Before the automaker’s groundbreaking ceremony for its new Cadillac assembly plant in Shanghai on Wednesday, Bob Socia, head of GM’s China operation, told reporters that the U.S. automaker is erecting big goals for Cadillac in China as it launches its new luxury brand models. While GM also sells Buick and Chevrolet in the region, the ever-growing luxury market is gaining much of the carmaker’s focus as it combats sales slumps and aims to win 10 percent of that market by 2010. It is hoping to triple Cadillac’s sales to 100,000 units by 2015, and is willing to bring out a new model each year through 2016 to make it happen.
But Cadillac is not only battling rigid competition from BMW, Mercedes, and Audi, but is also trying to appease tough Chinese critics who thus far have been unimpressed with what the Cadillac has to offer. According to Reuters, while GM sold 149,782 Cadillacs in the United States last year, it only sold a paltry 30,010 in China. So the brand will need to find a way to better attract the Chinese buyers if it wants to hit its target of 250,000 luxury car sales by 2020 in a market that, according to CEO Dan Akerson, will account for up to 40 percent of the world’s total luxury auto market by the end of the decade.
Unfortunately for luxury carmakers, Chinese President Xi Jinping is encouraging his people to be more frugal and cut down on lavish spending at a time when the country is witnessing slower economic growth and is attempting to cut down on corruption. That is why Han Weiqi, an auto analyst with CSC International Holdings Ltd, believes the “luxury car demand should hold at around 10 percent growth,” as reported by Bloomberg.

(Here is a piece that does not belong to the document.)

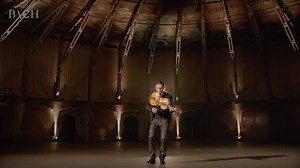 VC ARTIST OF THE WEEK | Russian-born violinist, violist, violoncello da spalla virtuoso and conductor, Sergey Malov performs the Courante from Bach Cello Suite No. 6 in D major | A graduate of the Mozarteum University Salzburg and Berlin's "Hanns Eisler" University of Music, Sergey studied with Thomas Riebl, Antje Weithaas, Eberhard Feltz and Andreas Schreiber https://theviolinchannel.com/vc-artist-sergey-malov-violin-viola-violoncello-da-spalla-and-conductor/ | The Violin Channel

Meanwhile, although the Cadillac’s sharp style has yet to deter buyers in the U.S., GM has decided to tone down its look in China so as to better appeal to the region’s buyers. They’ll see a refurbished Cadillac SRX crossover and a Cadillac XTS (produced locally) this year. And that’s not all. The automaker plans to introduce 10 or more new or upgraded products in China each year through 2016 — a lofty goal, but one that is necessary if it wants to maintain its stake in the hyper-competitive market.
Though Cadillac is GM’s fastest-growing brand, its sales in China are only increasing at about half the pace that the carmaker expected.